Living at a crossroads, Black women developed their own perspective on politics and power. Their view was always intersectional. They could not support any movement that separated out matters of racism from sexism, at least not for long. Associations that asked Black women to set aside or subordinate one interest for another were never a good fit. They insisted, for example, that antislavery and women’s rights were parts of one movement, and that civil rights included demands for women’s liberty. Black women advocated for their interests as people doubly burdened by racism and sexism, and they reasoned that when society lifted them up as equals, everyone would rise. These insights led to a political philosophy rooted in a broad quest for freedom and dignity that extended to all of humanity.15

The trouble of racism is one facet of this story, but for the women of Vanguard, their encounters with slights, exclusion, derision, and even violence were not the whole of their politics. Racism was a given, a constant. Some women risked being rebuffed in the interest of working in coalition with white women. Other women had no choice but to sustain the wounds of prejudice when their work or travel forced degrading confrontations. But oftentimes, Black women, with plenty of work to do in their own communities with one another, stepped around or turned their backs on racism. If white Americans too often cast a jaundiced eye upon Black women, it was not a look that they needed to return. Remaining at a careful distance from racism was essential to personal dignity and a self-defined approach to women’s power.
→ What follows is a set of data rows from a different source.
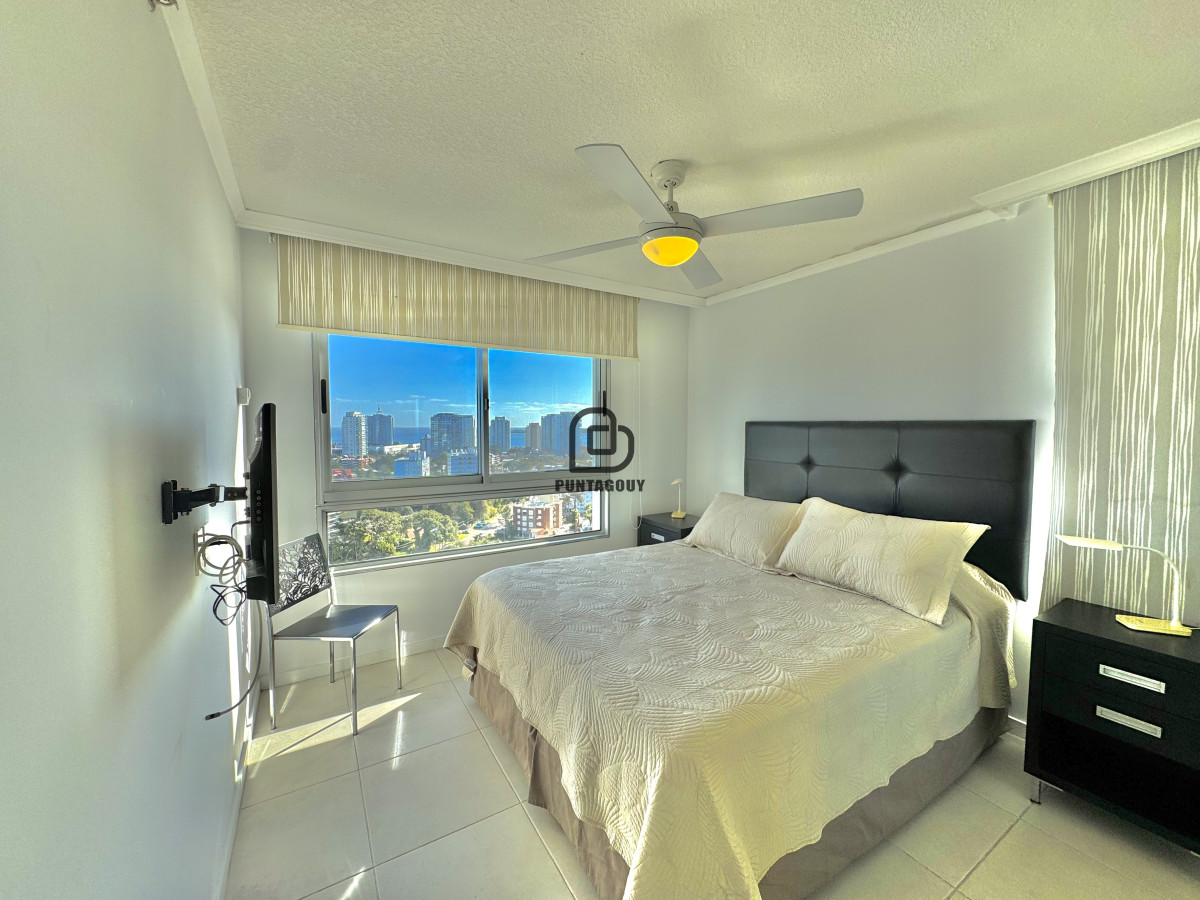 Apartamento ID.1809 - OCEAN DRIVE PUNTA DEL ESTE ALQUILER 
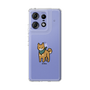 スリムプロテクションケース［ オリジナル - CASEPLAYイヌ - shiba ］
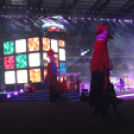 2017.07.23. EYOF megnyitó ünnepség Fotók:árpika 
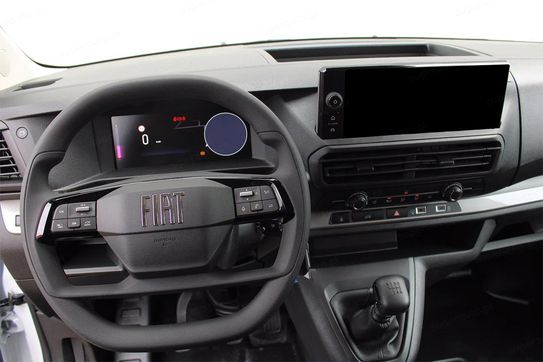 Fiat Scudo XL L2H1 Zabudowa Brygadowa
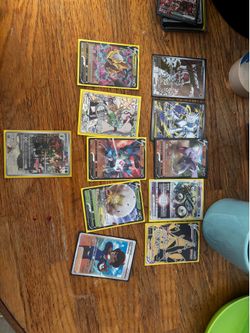 Pokemon cards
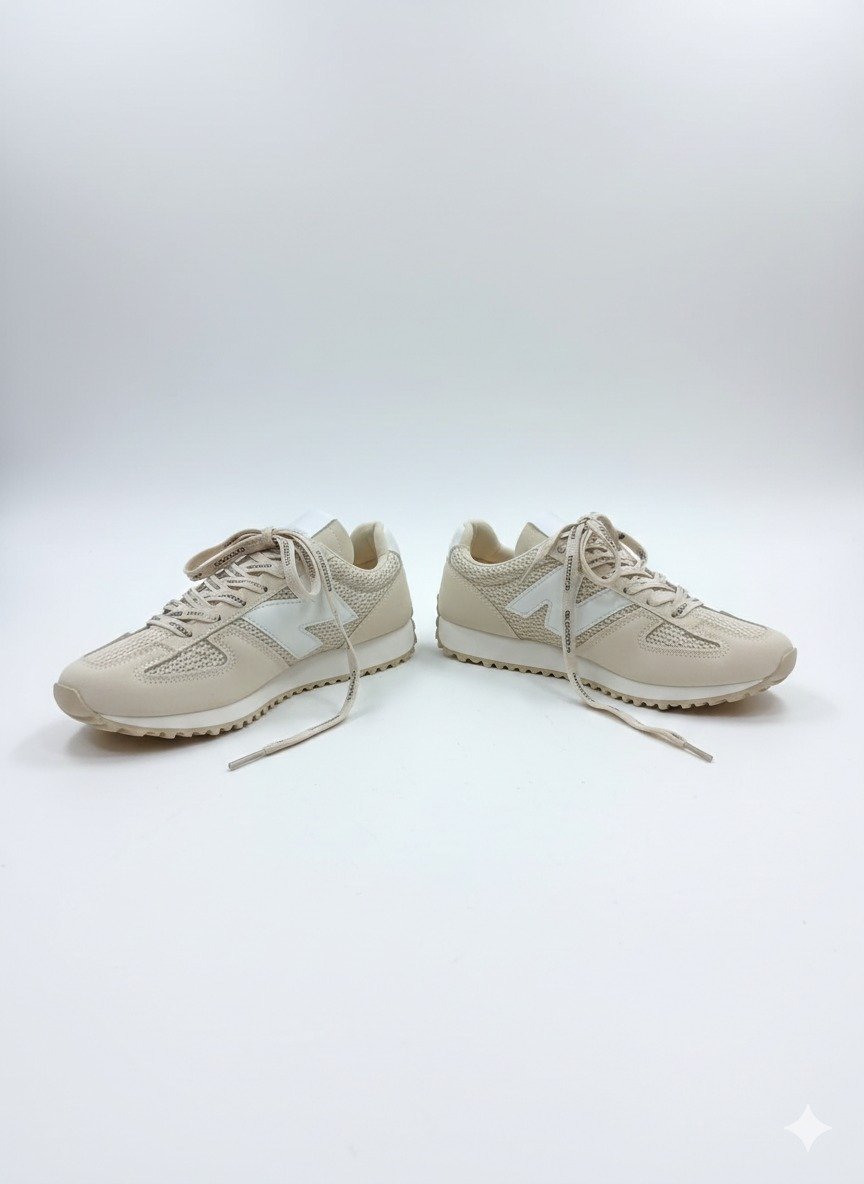 New Balance Beige - صورة 5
The stories in Vanguard have often been overlooked. But not wholly so. Historians over the last half century have dug deep into African American women’s pasts to recover their ideas, their organizations, and their distinct brand of politics. These efforts correct a record made more than a century ago by Susan B. Anthony, Elizabeth Cady Stanton, Matilda Joslyn Gage, and Ida Husted Harper, who dubbed themselves the historians of the early women’s movement. Between 1881 and 1922, they published the six-volume, fifty-seven-hundred-page History of Woman Suffrage. But they told only one part of the story and in that relegated Black women to the margins. Later historians relied upon these same volumes, producing new studies that, regretfully, repeated old omissions.16

Vanguard corrects that record by retelling two hundred years of Black women’s political history. It does not tell every story; no history can do quite that. But by recounting the lives of some of the many Black women who engaged in political fights, the picture of a whole comes into view. In some eras, Black women pursued power as singular, cutting-edge figures. At other times, they joined coalitions that included white women and Black men. Most often, Black women built political power in their own circles. There are as many stories as there are women, but those recounted in this book represent Black women’s varied political lives and their many routes to the vote and beyond.
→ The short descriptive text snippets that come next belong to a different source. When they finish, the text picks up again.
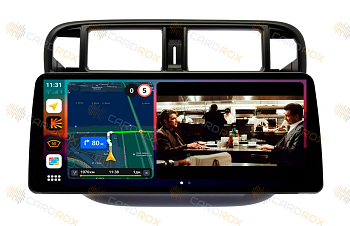 Штатная магнитола Honda Civic 1996-1999 на Android 10, DSP, 4G, IPS, Carplay - Cardrox CD-4640-12 (12 дюймов)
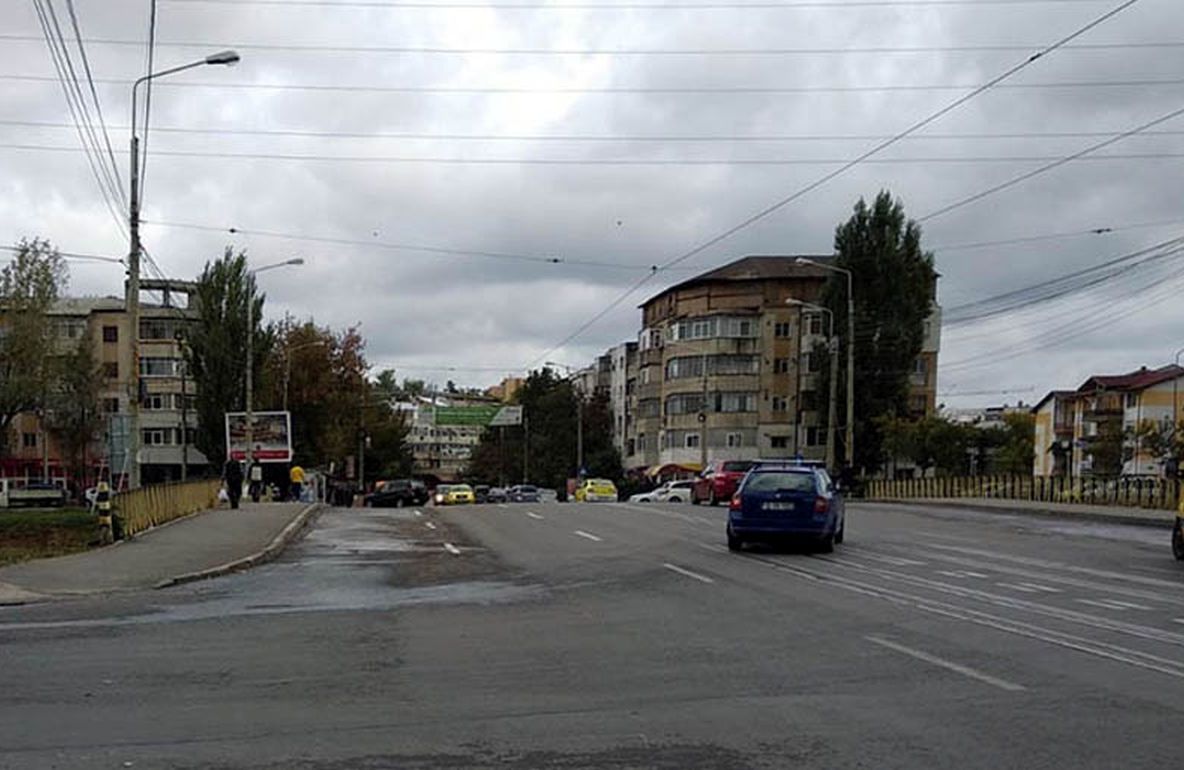 Semafoare în două intersecţii din zona Metalurgiei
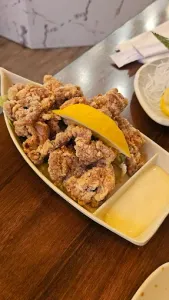 Big Bang Sushi - Japanese & Sushi restaurant in Downtown Vancouver – fine dining dishes, interior photos, and ambiance.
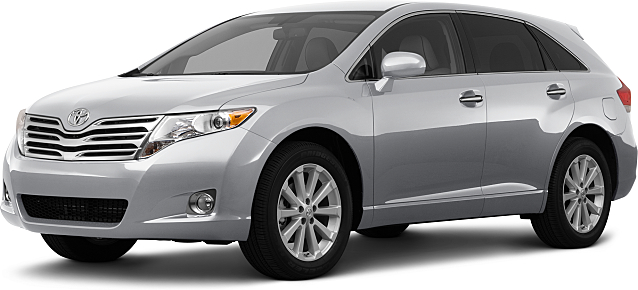 2012 Toyota Venza LE at Rocky Top Chrysler Dodge Jeep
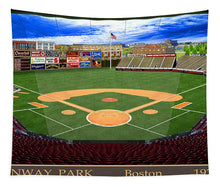 Load image into Gallery viewer, Fenway Park 1915 - Tapestry
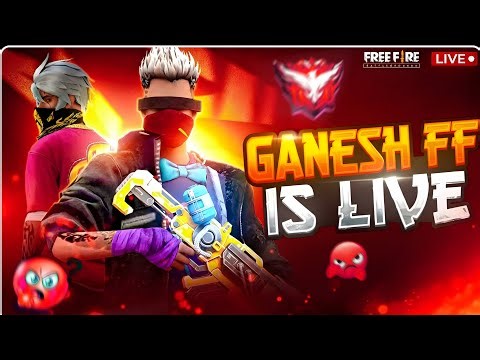 GANESH FF IS LIVE 🔴 || GUILD TEST COSTOM ଆସିଯାଅ ଭାଈ ମାନେ ଖେଳିବା ପାଇଁ 🎮 || ଜୟ ଜଗନ୍ନାଥ ❤🙏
Black women left their own record, and Vanguard tells their stories from the traces they bequeathed to us. Their essays, speeches, letters, and testimonies provide a fresh vantage point. In these stories, the familiar may also be strange. Black women did not attend the 1848 women’s convention at Seneca Falls, but at the same moment in church conferences, they demanded rights equal to those of men. Black women did not join the new women’s suffrage associations founded after the Civil War. Instead, they came together in churchwomen’s societies to demand the vote and office holding in religious communities. Black women campaigned for the Nineteenth Amendment, but they did not celebrate long once it was ratified. They understood it was only a slim guarantee, and thus redoubled their efforts in a campaign that took them down a long road to the 1965 Voting Rights Act. It was another women’s movement, one that reflected Black women’s distinct point of view.17

Terming Black women the “Vanguard” has a double meaning. Despite the burdens of racism, they blazed trails across the whole of two centuries. In public speaking, journalism, banking, and education, Black women led American women, showing the way forward. Some “first” Black women leapt out front because nothing less would get them where they aimed to go. Black women emerged from brutal encounters with enslavement, sexual violence, economic exploitation, and cultural denigration as visionaries prepared to remedy their own circumstances and, by doing so, cure the world.
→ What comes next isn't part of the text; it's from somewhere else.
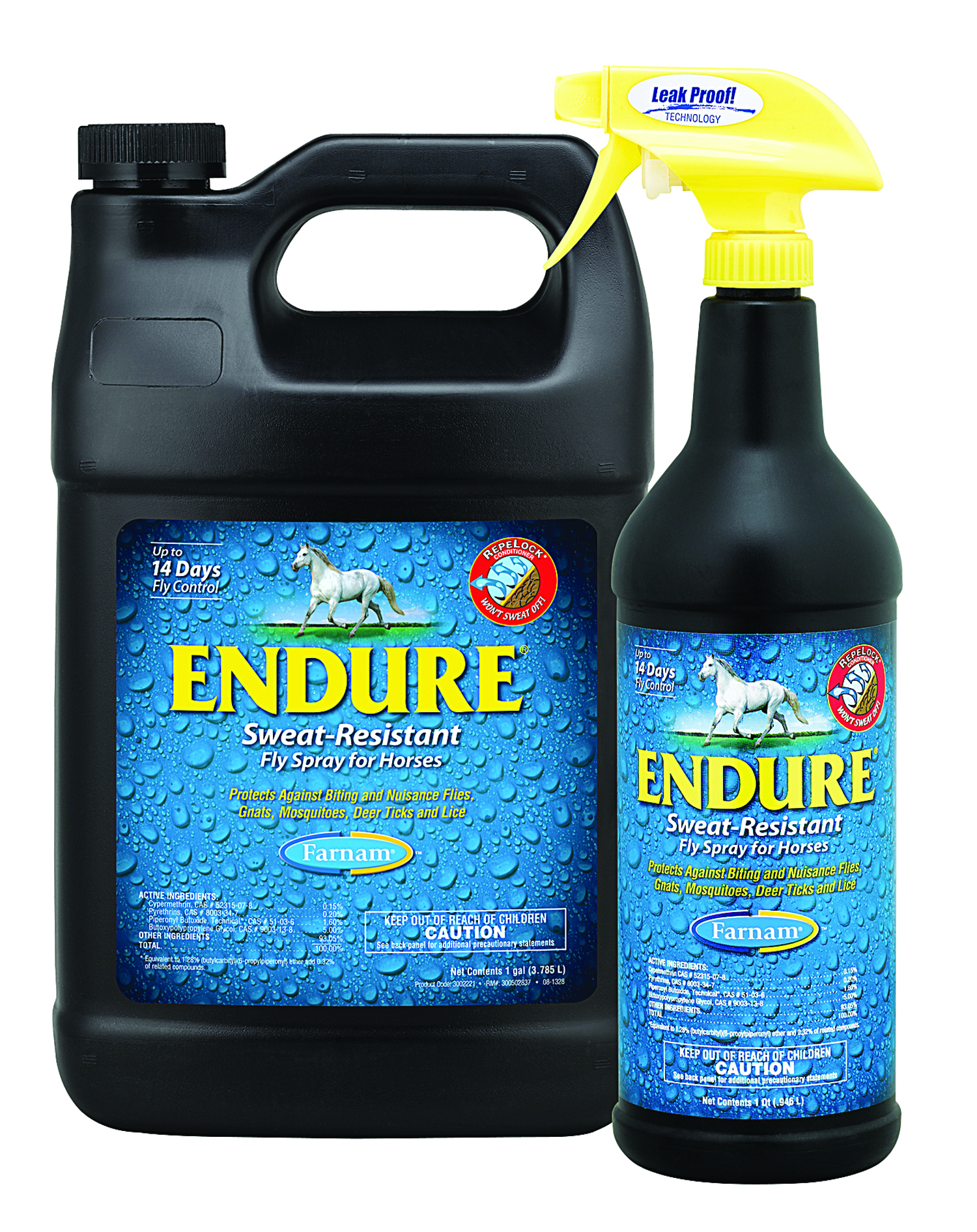 Endure Fly Spray - 1 Gallon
As the vanguard, Black women also pointed the nation toward its best ideals. They were the first to reject arbitrary distinctions, including racism and sexism, as rooted in outdated and disproved fictions. They were the nation’s original feminists and antiracists, and they built a movement on these core principles. They raised the bar high for all Americans and showed allies, among men and women, Black and white, how to work in coalition. Too often, they experienced disappointment. But undeterred, the women of Vanguard continued to reach for political power that was redemptive, transformative, and a means toward realizing the equality and the dignity of all persons.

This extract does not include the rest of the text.